The following is a brief bio of brilliant career of Major General Mike Keating:

MICHAEL KEATING was born in Albury, NSW in 1945 and educated at St Virgil’s College, Hobart and St Joseph’s College, Gregory Terrace, Brisbane.

He entered the Royal Military College, Duntroon, in 1964 and graduated in 1967, being awarded the Sword of Honour. He was commissioned as a Lieutenant in the Royal Australian Infantry Corps and posted to the 4th Battalion, the Royal Australian Regiment, where he served for three years, including operational duty in South Vietnam.

Subsequently he served in a variety of command, training and staff appointments. His appointments have included periods as an exchange instructor at the Royal Military Academy, Sandhurst, United Kingdom; as an instructor at the Australian Command and Staff College, Queenscliff and as Colonel (Operations) Headquarters Logistic Command, Melbourne.

He gained an Arts Degree from the University of Queensland in 1976 and attended the Army Staff College, Queenscliff in 1977. In 1993 he attended the Royal College of Defence Studies in London.

His command experience includes command of the 2nd/4th Battalion, the Royal Australian Regiment 1982-1984; Commandant of the Land Warfare Centre, Canungra, 1989 to 1990; Commander 1st Division 1994 to 1996; and Commander Training Command (Army) 1996 to 1999.

Mike was promoted to the rank of Major General in June 1994 and served in that rank as Commander 1st Division, Commander Training Command (Army) and Head, Strategic Command, Australian Defence Headquarters in 1999 and 2000 during the major ADF deployment to East Timor.
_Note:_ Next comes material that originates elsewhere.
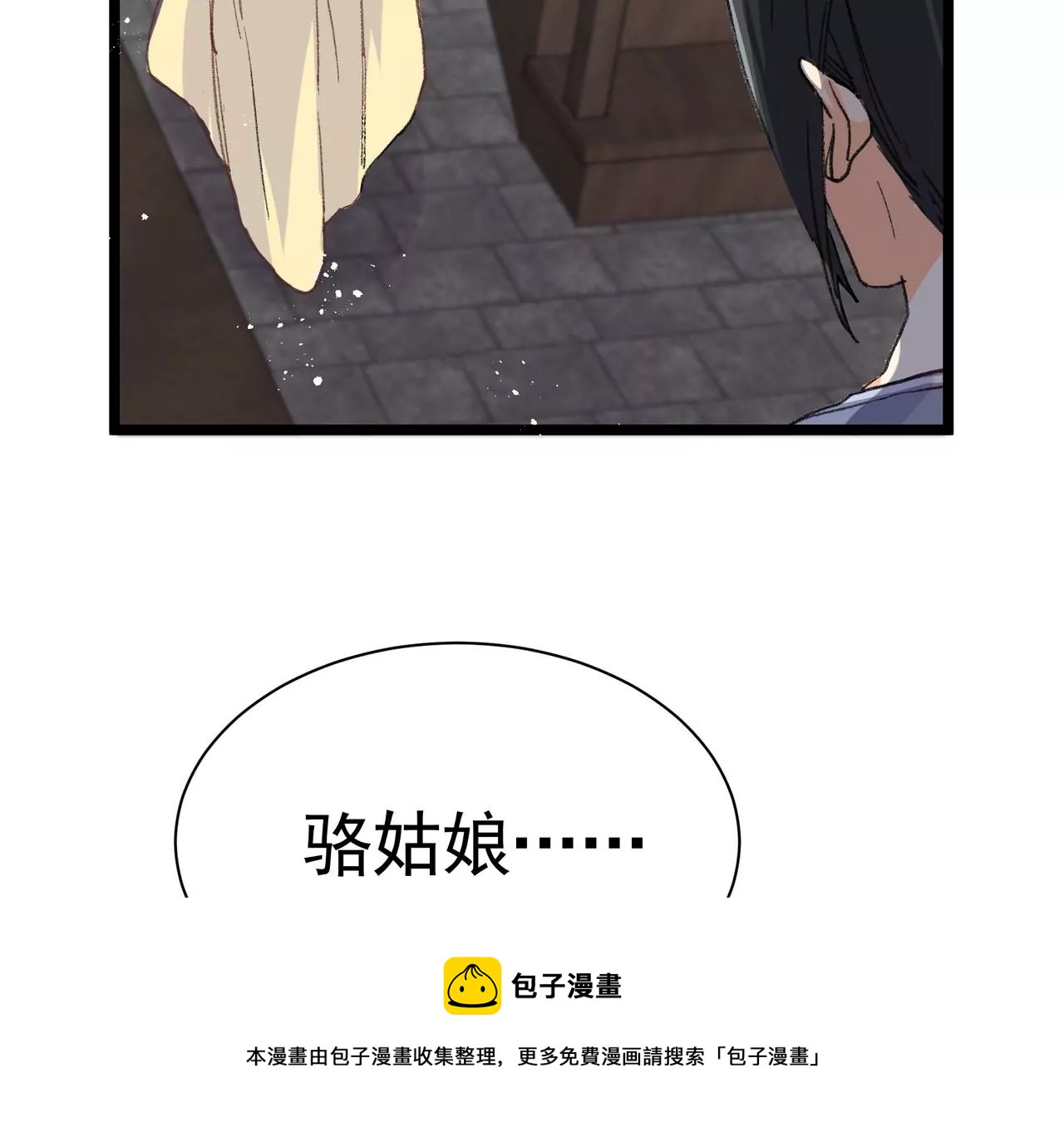 第3话 穿越人士的基本素养20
Major General Michael Keating AO speaking at a local ARM event

He was appointed a Member of the Order of Australia in June 1993 in recognition of his service as Commander 3rd Brigade and as an Officer in June 2000 for distinguished service to the ADF and to the Australian Army in high level command and staff appointments.

He was retired in January 2001 after 37 years service.

Since then Mike has contributed to the community in a voluntary capacity working with a college at the University of Queensland, his local neighbourhood residents’ association, and a Sudanese refugee family living in Brisbane. He is an accredited practicing mediator, and worked part-time for a time with the Queensland Department of Justice. More recently, his work for the ARM has meant he has had to discontinue performing this role.

In his leisure time, Mike has enjoyed renovating the family’s 100 years old Queenslander, trying to improve his golf and being a companion to his Bassett Hound , Arnold.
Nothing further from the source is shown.